▶ **THE PROBLEM**
Up to and including the line with "Please make sure", restate every line of the records below word for word, from the first line on, leaving out the pictures.

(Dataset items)
====================

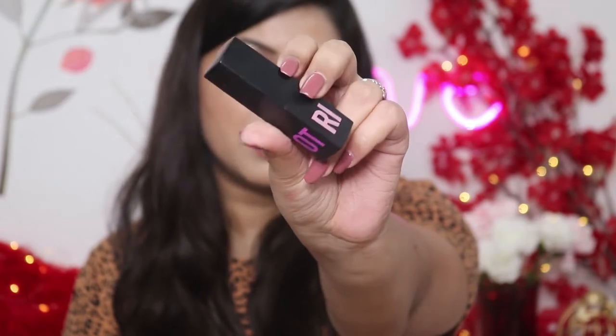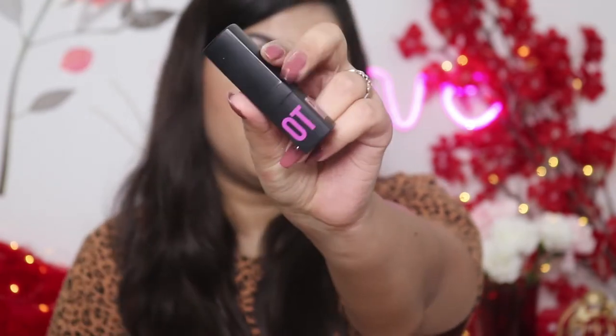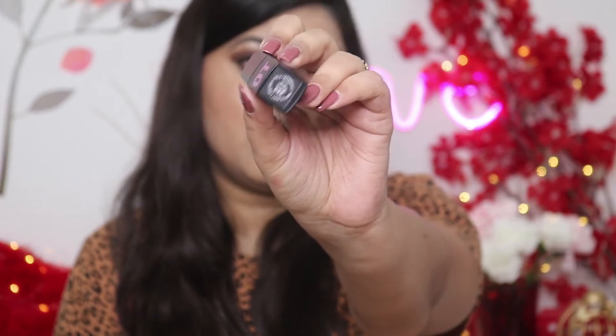The shade name is mentioned on one side of the outer packaging. Opening it up — it comes in plastic inner packaging and on the bottom you can see the shade number and shade name. However, the expiry detail is not mentioned anywhere on the inner packaging, which I don't like.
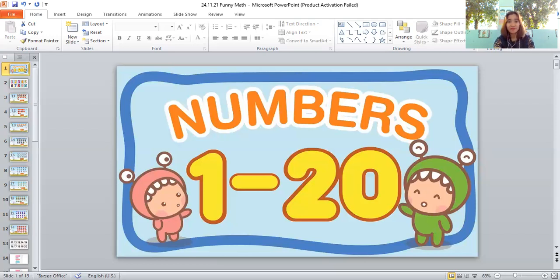The next shape is a heart shape. Let's count the hearts: one, two, three, four, five, six, seven, eight, nine, ten, eleven, twelve, thirteen, fourteen, fifteen, sixteen, seventeen, eighteen, nineteen, twenty. There are twenty hearts — very good, students!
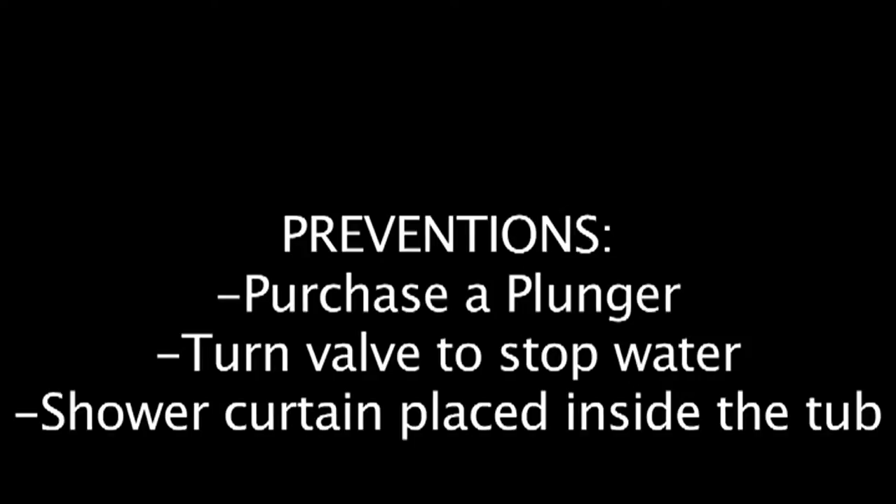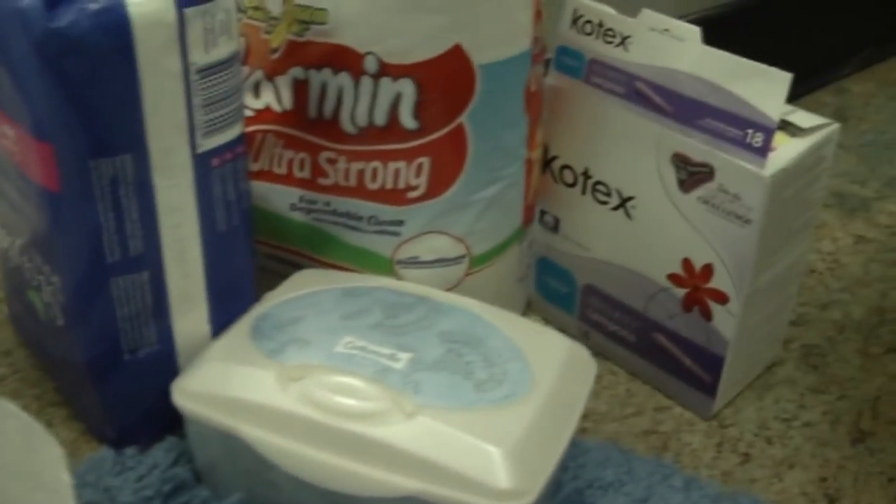Please make sure your shower curtain is inside the tub. Items not to flush down the toilet include paper towels or feminine hygiene products.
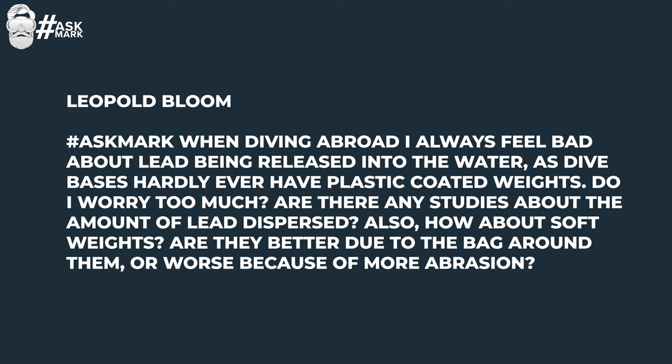Leopold Bloom asks: when diving abroad, I always feel bad about lead being released into the water, as dive bases hardly ever have plastic-coated weights. Do I worry too much? Are there any studies about the amount of lead dispersed? Also, how about soft weights — are they better due to the bag around them, or worse because of more abrasion? That's a great question and something I don't think a lot of people really consider. When you're on holiday and get to the dive boat, they usually have a bucket of lead — just bare blocks. Lead, when it gets into water, leaches out and can damage the water around it. It's something we as an industry really do need to think about and be more aware of.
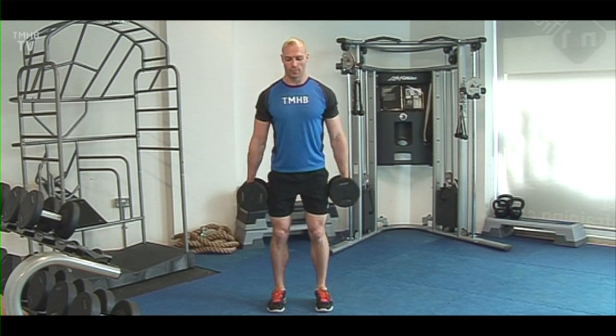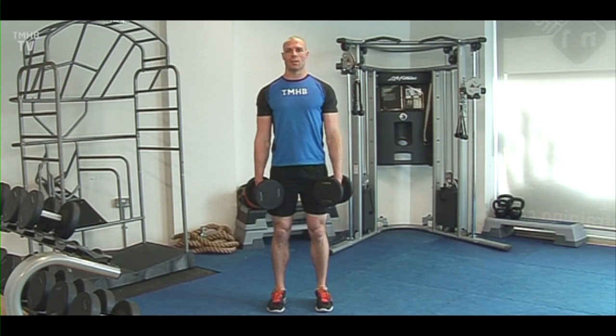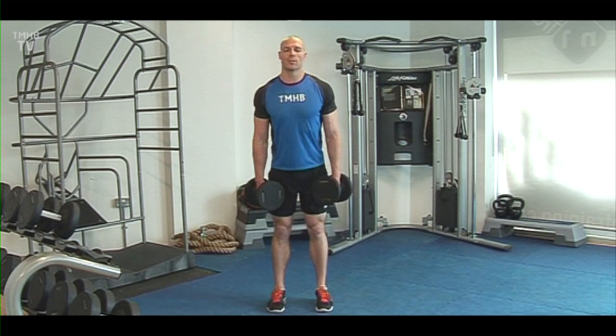Breathe naturally as you make the move. When you finish the exercise, put the weights down safely, making sure you don't hurt yourself and others around you.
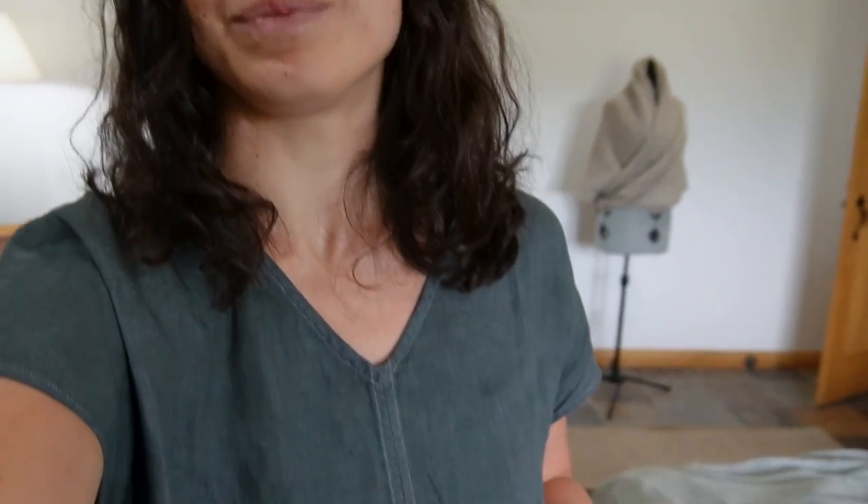Welcome! Today we're doing a video on home dyeing some linen clothing. I'll be showing you how I dyed the dress I'm wearing — it's a Not Perfect Linen dress with pockets that I got secondhand on a buy-sell-trade. It had been over-dyed by the original purchaser and was blotchy, so I was able to strip the color out and re-dye it.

====================

▶ **ANSWER**
The shade name is mentioned on one side of the outer packaging. Opening it up — it comes in plastic inner packaging and on the bottom you can see the shade number and shade name. However, the expiry detail is not mentioned anywhere on the inner packaging, which I don't like.
The next shape is a heart shape. Let's count the hearts: one, two, three, four, five, six, seven, eight, nine, ten, eleven, twelve, thirteen, fourteen, fifteen, sixteen, seventeen, eighteen, nineteen, twenty. There are twenty hearts — very good, students!
Please make sure your shower curtain is inside the tub. Items not to flush down the toilet include paper towels or feminine hygiene products.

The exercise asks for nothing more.